__INFORMATION SHOWN__
====
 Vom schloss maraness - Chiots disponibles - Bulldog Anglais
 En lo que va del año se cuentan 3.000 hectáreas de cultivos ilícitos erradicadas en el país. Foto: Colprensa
====
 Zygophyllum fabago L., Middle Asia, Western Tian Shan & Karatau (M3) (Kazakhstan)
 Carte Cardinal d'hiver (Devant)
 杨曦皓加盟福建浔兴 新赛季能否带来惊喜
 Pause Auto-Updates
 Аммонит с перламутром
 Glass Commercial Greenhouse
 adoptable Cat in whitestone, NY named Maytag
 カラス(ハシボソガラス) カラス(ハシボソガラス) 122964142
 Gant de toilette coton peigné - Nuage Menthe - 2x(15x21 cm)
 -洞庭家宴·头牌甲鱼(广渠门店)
====
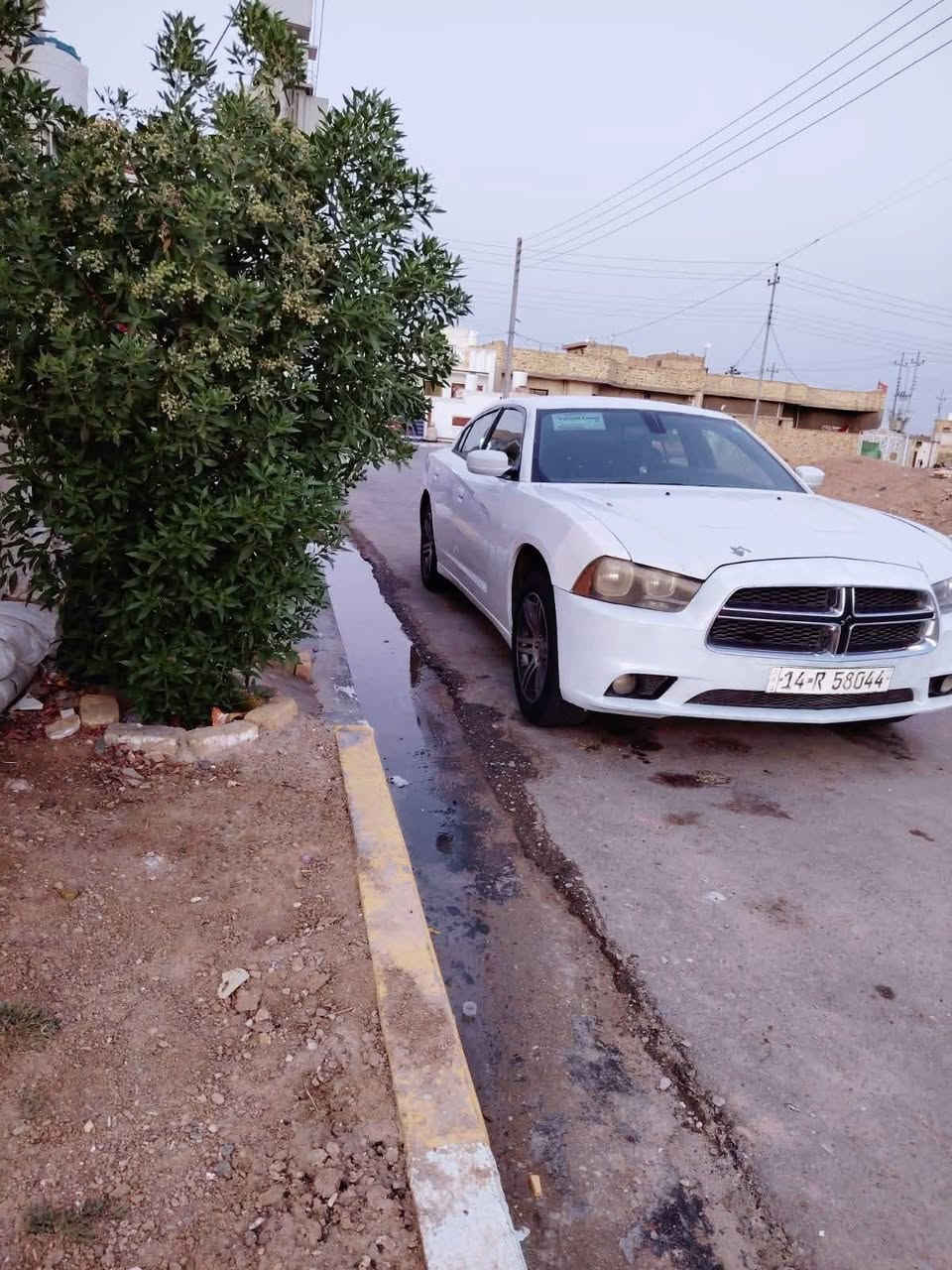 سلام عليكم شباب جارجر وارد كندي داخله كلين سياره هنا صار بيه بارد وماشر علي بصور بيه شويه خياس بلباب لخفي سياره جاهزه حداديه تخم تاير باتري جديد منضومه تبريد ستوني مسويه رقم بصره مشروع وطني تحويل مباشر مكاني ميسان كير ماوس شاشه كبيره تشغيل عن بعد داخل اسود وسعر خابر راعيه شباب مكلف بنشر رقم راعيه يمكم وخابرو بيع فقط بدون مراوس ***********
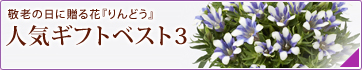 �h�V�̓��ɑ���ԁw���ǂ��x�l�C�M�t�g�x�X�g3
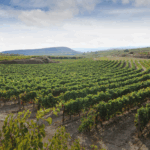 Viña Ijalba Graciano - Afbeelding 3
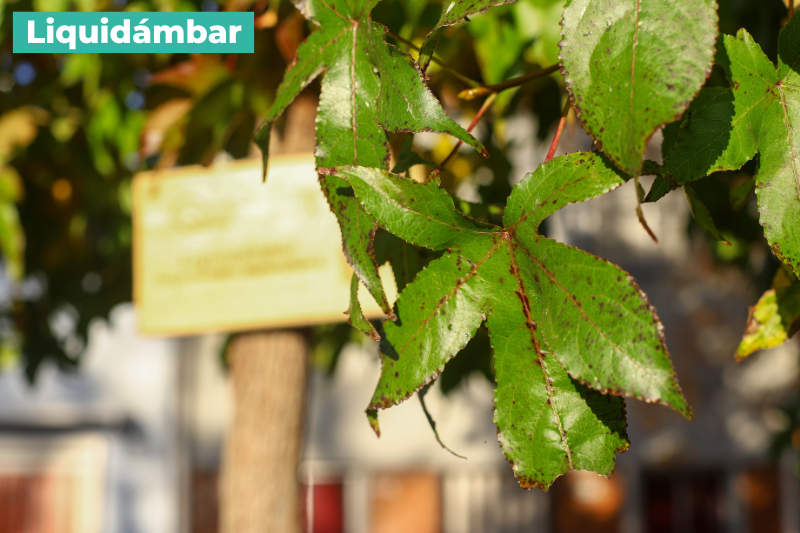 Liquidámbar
====
__WHAT YOU HAVE TO DO__
Beginning at the line above with "Zygophyllum fabago L., Middle" and finishing at the line with "-洞庭家宴·头牌甲鱼(广渠门店)", return each line exactly and return nothing else.

__TASK ANSWER__
 Zygophyllum fabago L., Middle Asia, Western Tian Shan & Karatau (M3) (Kazakhstan)
 Carte Cardinal d'hiver (Devant)
 杨曦皓加盟福建浔兴 新赛季能否带来惊喜
 Pause Auto-Updates
 Аммонит с перламутром
 Glass Commercial Greenhouse
 adoptable Cat in whitestone, NY named Maytag
 カラス(ハシボソガラス) カラス(ハシボソガラス) 122964142
 Gant de toilette coton peigné - Nuage Menthe - 2x(15x21 cm)
 -洞庭家宴·头牌甲鱼(广渠门店)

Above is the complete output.